__Your task__: Reproduce every record below exactly as written, but leave out any pictures.

__Task material__:
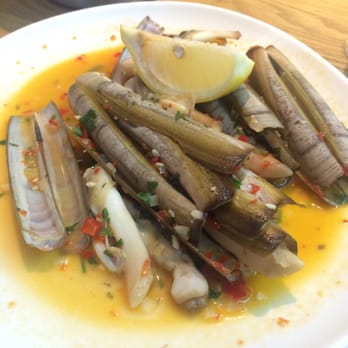 The Seafood Bar - Razor Clams - Seafood Near Me - Amsterdam, New Hampshire The Seafood Bar - Razor Clams - Seafood Near Me - Amsterdam, New Hampshire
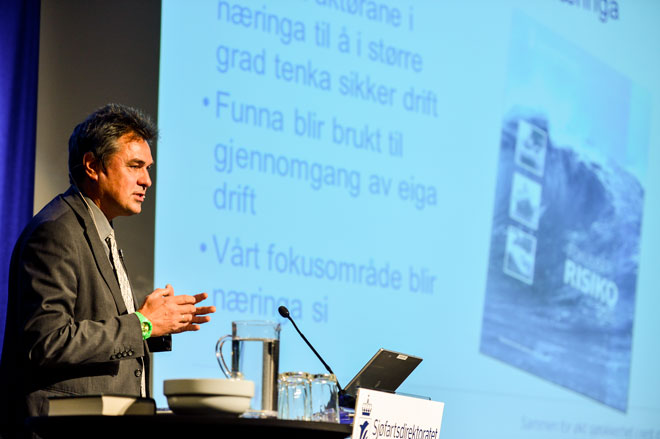 Olav Akselsen, Sjøsikkerhetskonferansen 2014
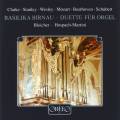 Clarke, Bruckner, Beethoven : Duos pour orgues  l'Eglise de Birnau. Bleicher, Hospach-Martini.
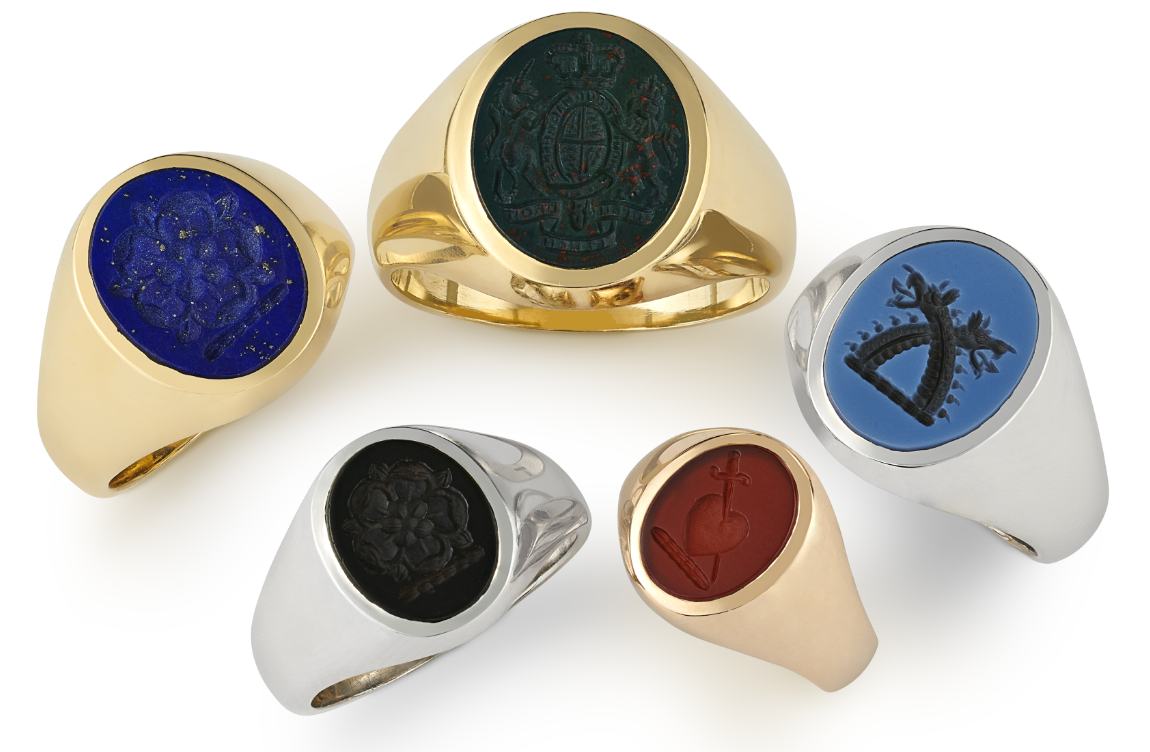 Middleton discount signet ring
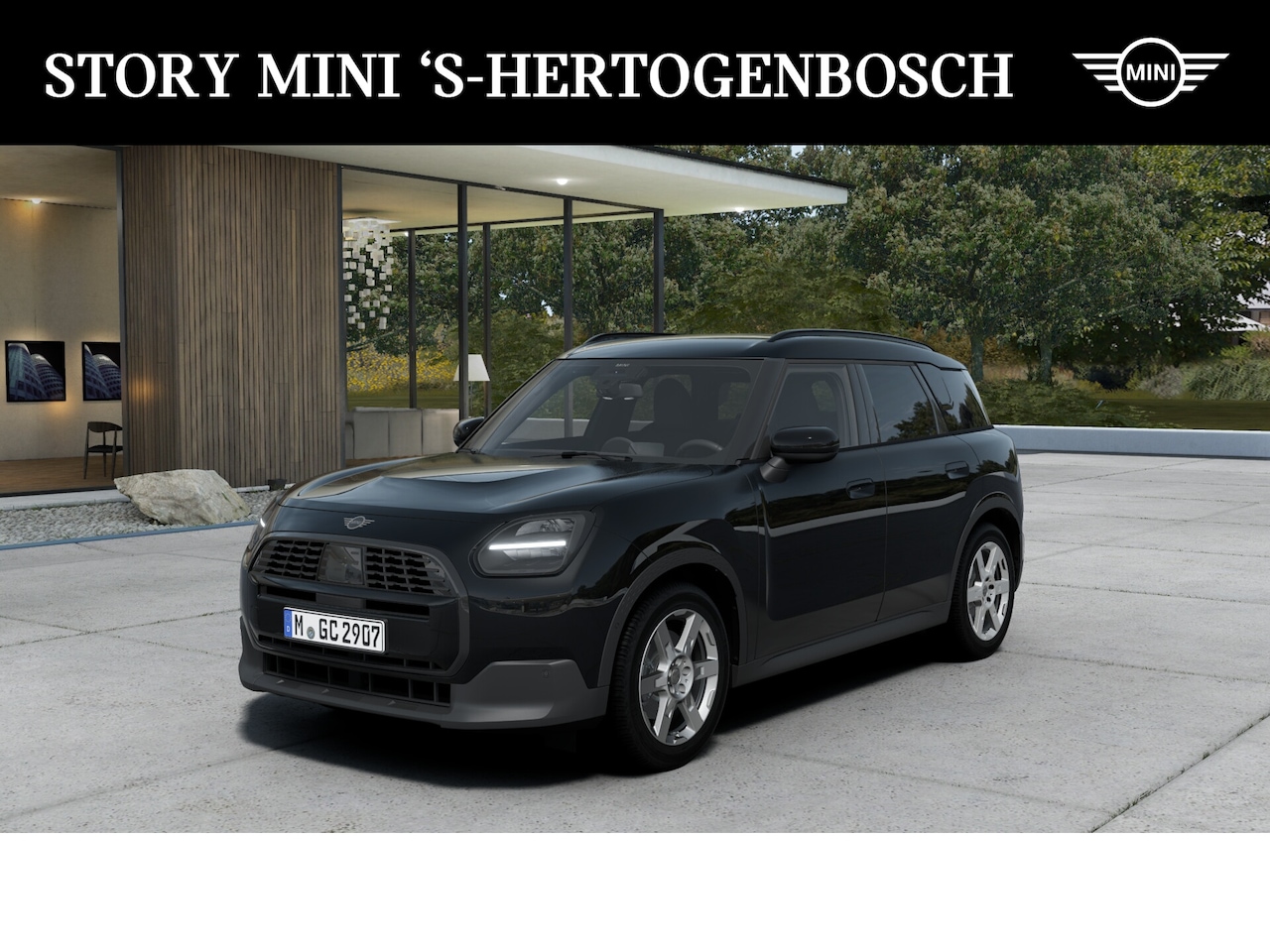 MINI Countryman - C Automaat / Blackyard / 18" Asteroid Spoke - AutoWereld.nl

__Problem solution__:
 The Seafood Bar - Razor Clams - Seafood Near Me - Amsterdam, New Hampshire The Seafood Bar - Razor Clams - Seafood Near Me - Amsterdam, New Hampshire
 Olav Akselsen, Sjøsikkerhetskonferansen 2014
 Clarke, Bruckner, Beethoven : Duos pour orgues  l'Eglise de Birnau. Bleicher, Hospach-Martini.
 Middleton discount signet ring
 MINI Countryman - C Automaat / Blackyard / 18" Asteroid Spoke - AutoWereld.nl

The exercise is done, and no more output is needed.